A group of six was the largest I had worked in so far. One difficulty was dividing up work at the start, because when setting up the foundations your can find yourself working on something that touches everything. This means that three pairs working simultaneously is not possible. By midweek we were able to start working as three pairs and then code generation was surprisingly rapid, I was often checking our repo’s network graph to see what was happening.

With a bit more freedom it was easy for us to volunteer only to work on the bits of the project we were most interested in. It was quickly apparent that as a group we were more keen on developing the back end over dealing with styling issues. It also turned out that not everyone was convinced by the value of refactoring tests. I am and therefore when working alone it turned out that this was were I spent my time. After one early morning start, the test suit was completely over hauled by the time 9 am rolled around. This refactoring showed its worth when it next came to adding a field to our user model. With only one line of code we had all the tests to allow a user to save a linked in address. 

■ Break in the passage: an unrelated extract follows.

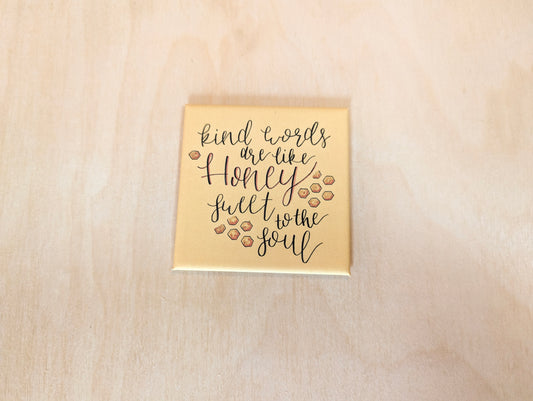 Kind Words Are Like Honey Hand-Illustrated Magnet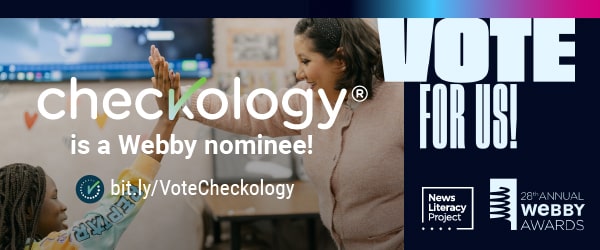 A banner ad by the News Literacy Project announces that Checkology is a Webby Award nominee and asks readers to vote for Checkology. The URL for the web page to vote is bit.ly/VoteCheckology.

This week I discovered Webmock, a test mocking framework. With it all requests to the outside world can be blocked. This ensures that you don’t over use calls to an API. Combined with some custom rake tasks to generate JSON data this turned out to be very powerful. I will have to write a post on this and maybe even a Gem.

One very positive thing in our group was the desire for proper testing and git practices. The pressure to move forward was notably higher but all of us were making best attempts towards best practices. Mihai in particular forced me to up my game on how I merged in commits and pushed. 

As always seams to happen when focusing on one thing another can be neglected. This week that thing was running the tests. We had written good tests. When merging I would make sure all my merges where on feature branches and not the master. However as we concentrated on the correct merge order actually running the tests passed slipped my mind. A few hours later over half the tests were failing because no one had rerun them as they merged. We quickly addressed that but the procedure for merging in feature branches was now getting extensive. The work flow was as follows.

  1. commit last change on feature branch
  2. run tests
  3. switch to master
  4. pull from origin (github)
  5. switch to feature branch
  6. merge from master branch
  7. run tests
  8. switch to master
  9. merge from feature branch
  10. run tests
  11. push to origin (github)
  12. push to Heroku

I’m not sure how many times I managed all 12 steps in the correct order this week. Hopefully it will be more often next week. I can see why people incorporate tools such as git flow but for the moment I want to work on getting the practise.

Two interesting links to share from this week. First Mashape a showcase and market place for 100’s of API’s. Second a showcase of some of the most interesting projects on github.